CITYWIDE — More than 87 percent of Santa Monica kindergarteners are proficient in literacy, up from 76 percent in 2012, according to the 2014 Youth Wellbeing Report Card.
Literacy is worse among low-income and minority kindergarteners, according to the study, and that gap widens by third grade as reading scores drop across the board.
In third grade, only 67.7 percent of Santa Monica students are proficient in the language arts.
City Hall built the report card with data from Santa Monica's youth to evaluate school achievement, physical health, social skill, and mental health. The first report card was released last year.
More than 92 percent of Asian and white Santa Monica kindergarteners are proficient at reading compared to 77 percent of Latino kindergarteners and 70 percent of black kindergarteners.
By third grade nearly 80 percent of white and 87 percent of Asian students are proficient in language arts but proficiency drops to 53 percent for black third graders and 43 percent for Latino third graders.
Math scores are up among eighth graders as is the graduation rate at Santa Monica High School, and the number of kids who report feeling safe at school.

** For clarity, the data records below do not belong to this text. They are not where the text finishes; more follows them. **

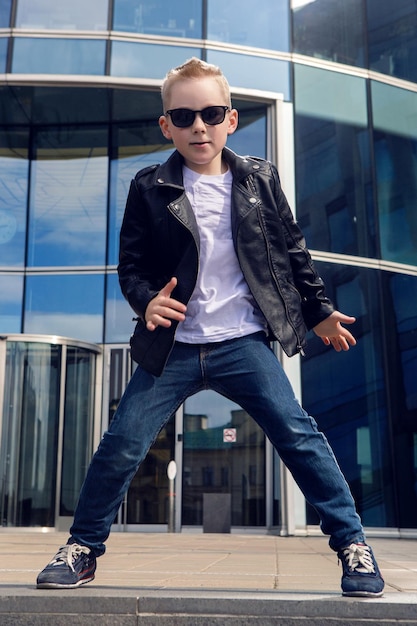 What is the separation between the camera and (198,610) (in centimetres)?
262

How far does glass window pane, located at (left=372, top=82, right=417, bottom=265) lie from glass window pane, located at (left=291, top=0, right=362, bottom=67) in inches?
29.2

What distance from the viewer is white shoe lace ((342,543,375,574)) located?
2.85 meters

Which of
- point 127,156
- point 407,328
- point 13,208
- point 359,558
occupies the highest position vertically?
point 127,156

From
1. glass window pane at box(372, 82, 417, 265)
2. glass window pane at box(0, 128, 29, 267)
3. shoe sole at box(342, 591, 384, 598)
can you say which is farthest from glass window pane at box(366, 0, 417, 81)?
shoe sole at box(342, 591, 384, 598)

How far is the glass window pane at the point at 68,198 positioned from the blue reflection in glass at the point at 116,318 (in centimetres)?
69

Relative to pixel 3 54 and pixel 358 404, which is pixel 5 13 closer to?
pixel 3 54

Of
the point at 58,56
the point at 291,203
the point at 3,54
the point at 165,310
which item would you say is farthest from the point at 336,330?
the point at 3,54

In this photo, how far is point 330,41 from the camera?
14172 millimetres

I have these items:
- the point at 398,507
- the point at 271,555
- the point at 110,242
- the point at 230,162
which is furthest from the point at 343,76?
the point at 230,162

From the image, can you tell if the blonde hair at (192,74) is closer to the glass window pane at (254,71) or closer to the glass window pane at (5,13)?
the glass window pane at (254,71)

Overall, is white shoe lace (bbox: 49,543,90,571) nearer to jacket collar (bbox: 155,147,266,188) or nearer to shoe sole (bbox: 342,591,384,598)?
shoe sole (bbox: 342,591,384,598)

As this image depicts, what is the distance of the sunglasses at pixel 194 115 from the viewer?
306cm

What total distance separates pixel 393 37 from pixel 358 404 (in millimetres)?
6552

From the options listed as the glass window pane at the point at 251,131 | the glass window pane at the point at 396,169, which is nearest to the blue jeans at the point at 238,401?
the glass window pane at the point at 396,169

Still, a quarter of middle-schoolers report feeling unsafe at school and four in 10 seventh and ninth graders say they've been harassed at school.
Girls are more emotionally ready for kindergarten than boys. Overall, 77 percent of incoming-kindergarteners are emotionally ready for school and 81 percent are socially ready. Social, physical, and emotional readiness for kindergarten dropped slightly since last year. About a quarter of incoming Santa Monica kindergarteners are not physically on track. Boys and children from the Pico neighborhood are more likely to be physically vulnerable, the report said.
The rate of child abuse and teen pregnancy is up slightly in the city by the sea, as is the number of family households on food stamps.
Fewer kids were born at a low birth-weight and the child immunization rate is closing in on 100 percent.
Fewer students are reporting alcohol and substance abuse (21 percent and 26 percent respectively) but slightly more students say they've felt hopelessness or extreme sadness recently (26.3 percent). A third of high school juniors report binge drinking in the past month and 17 percent of high school students report having suicidal thoughts.
Only 17.6 percent of Santa Monica and Olympic High students who enroll at Santa Monica College place in college-level English and math. Only 65 percent of the SMC courses taken by those students are successfully completed with a C or higher, down from the last report card. SMC grade point averages among graduates from Santa Monica high schools fell from 2.33 to 2.32 between 2012 and 2014.